Puff puff is the most popular Nigerian snack you can eat at any time of the day. It is a simple mix of flour, yeast, sugar and other seasoning. As a starter, this bouncy, spherical snack leaves you yearning for the main meal.
This is a popular Nigerian dish made with grounded beans, onions and peppers. It can be eaten alongside Jollof or Fried rice, or on its own as a snack or starter.
Gizzard on a Stick
Popularly called nze-nze by Igbo people of Eastern Nigeria, this revered part of a chicken is such a delicacy to start off with. Thread on a stick and garnished with vegetables to give a balanced feel, gizzards are prepared mid-spicy with the right amount of seasoning.
Quite hot and enjoyed on its own or as part of a main meal.
Made by grilling fillets of the best part of beef, this spicy starter is known for its famous Suya spice. Suya is mostly prepared by skilful Hausa men in Nigeria know as mai-suya and is best enjoyed with a cold drink or as a prelude to the main course.
A popular Nigerian meal enjoyed by Africans and non-Africans. It is prepared with long grain or basmati white rice mixed with tomato stew and seasoning (spiced to taste). Can be topped with fried beef, assorted meat, fish or chicken.
This party favourite is blend of pre-cooked long grain or basmati rice and vegetables (carrot, green beans, sweet corn etc.), friend with vegerable oil and seasoned to taste. Can be topped with beef, fish, chicken or any other preferred meat.
Native to southern and eastern Nigeria (Igbos and Yorubas), the melon seed (Egusi) soup is perfectly combined with pumpkin leaves or spinach and red palm oil, and garnished with stock fish to give a thick yet easy going feel. Enjoy with beef (preferred), fish or chicken.
Okro (Okra) Soup
This very easy to prepare Nigerian soup is prepared with two main vegetables – Okra and Spinach. The Hausa’s in Nigeria call it Miyan Kubewa and it is best enjoyed when garnished with shreds of iced, dry or stock fish and Beef meat. Okro soup can also be prepared with Ogbono to make it thicker.
Indigenous to the Yoruba people of western Nigeria, Ewedu soup is made with blended Ewedu leaves (corchorus olitorius) and served with tomato stew and enjoyed assorted meat.
Native to western Nigeria, this soup is rich in vegetables (spinach, water leaf or pumpkin leaves). Best prepared with assorted meat such as beef, shaki (cow stripe), and fish such as smoked fish, dry fish or stock fish.
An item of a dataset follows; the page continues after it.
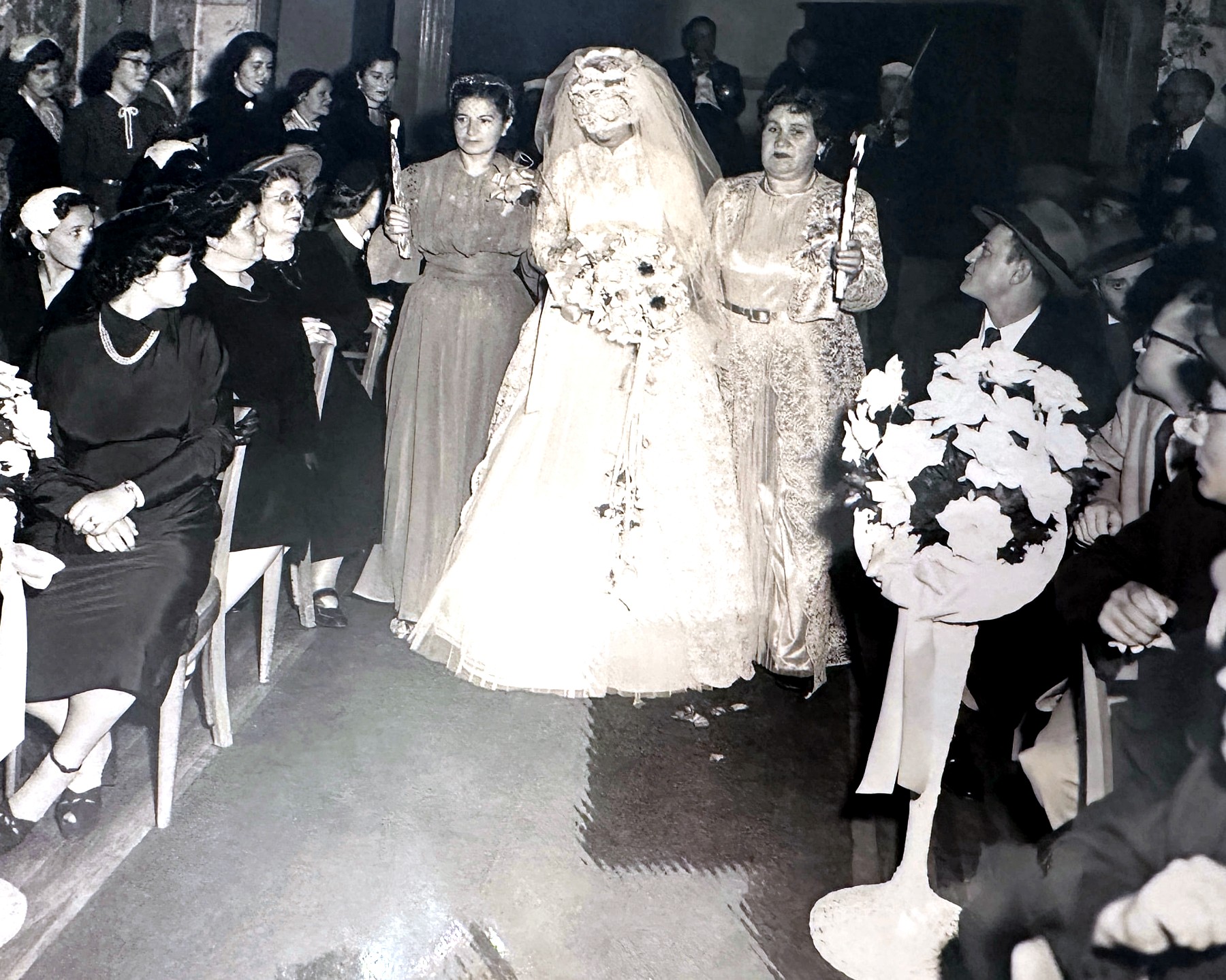 Esther being escorted down the aisle by candlelight as the guests look on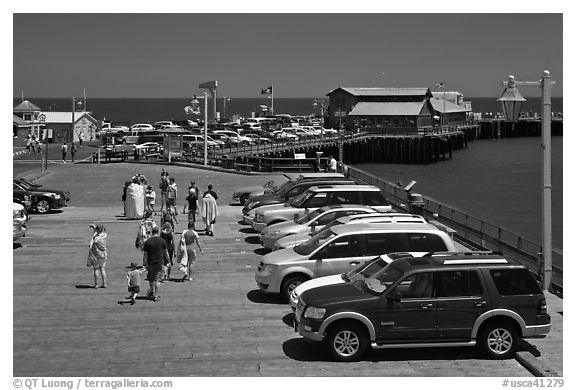 People drapped with colorful towels walking on wharf. Santa Barbara, California, USA (black and white)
Palm oil and crayfish are vital ingredients for this soup.
Popularly called draw soup, ogbono soup is probably the easiest soup to eat Eba (garri) or pounded yam with because its slimy nature enables effortless swallows. Although it can be prepared plain, most people add vegetable (spinach or pumpkin leaf) and garnish it with assorted meat and fish.
Bitter Leaf Soup
Native to the Igbos of Eastern Nigeria, this soup is prepared with thoroughly washed bitter leaves to ensure that it doesn’t taste bitter as the name may imply. Coco yam can be used to make it thick as well as dry or stock fish. Stewed meat can enhance the taste too.
Grilled Croaka Fish
The magic is in the sauce – and no, we won’t tell you our recipe just yet. This finger licking delicacy is prepared by marinating the croaker fish for as long as possible to ensure it soaks up the peppered sauce and then grilled at the right temperature until fully cooked inside-out.
Fresh Fish (Tilapia) Pepper Soup
Freshly cooked Tilapia fish doesn’t taste anywhere better than in steaming hot pepper soup. As the name implies, chilli pepper is the main ingredient for this special soup. Can be eating at any time of the day and enjoyed with a cold drink.
Fresh Fish and Yam Pepper Soup
Add cooked sweet white yam to our specially prepared fresh fish pepper soup and you are in for a treat.